In juli 2020 stegen de woninghuren gemiddeld 2,9 procent ten opzichte van vorig jaar. Dat blijkt uit nieuwe cijfers van het CBS.
De stijging van gemiddeld 2,6 procent komt vooral door de hogere inflatie in 2019 en is de grootste stijging in zes jaar.
De maximale huurverhoging is deels gebaseerd op de inflatie van het voorgaande jaar plus een toeslag die afhankelijk is van het huishoudinkomen van de huurder.
Volgens de belangenvereniging van huurders, de Woonbond, zijn huurders daardoor twee keer de klos: eerst door gestegen prijzen en nu door hogere huren. Dat raakt honderdduizenden huishoudens want ruim 42 procent van de woningen zijn huurwoningen.
De huren stegen het meest in Rotterdam. Daar gingen de huren met 4,1 procent omhoog en in Amsterdam met 3,5 procent. De huren in Drenthe maken een opmerkelijke ’inhaalslag’ en gaan met 3,0 omhoog.

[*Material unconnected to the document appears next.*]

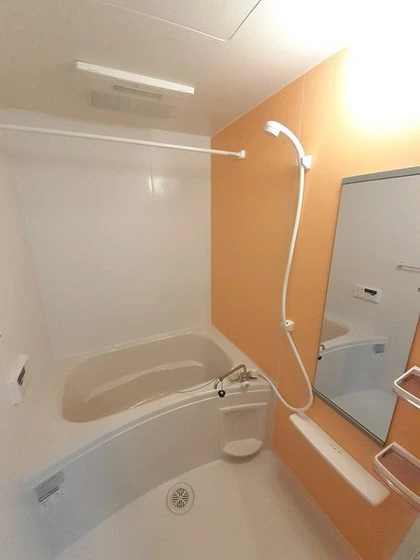 アルモニ-・ウメカ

De Woonbond deed eerder dit jaar al een oproep tot huurbevriezing en wil dat de overheid met een noodpakket voor de huursector komt. Dat betekent een hogere huurtoeslag, lagere huren en investeren in bouw. De verantwoordelijke minister Ollongren heeft het verzoek om huurbevriezing naast zich neergelegd. Tot woede van de Tweede Kamer, waardoor er de kans bestaat dat er voor huurders nog iets extra's inzit op Prinsjesdag.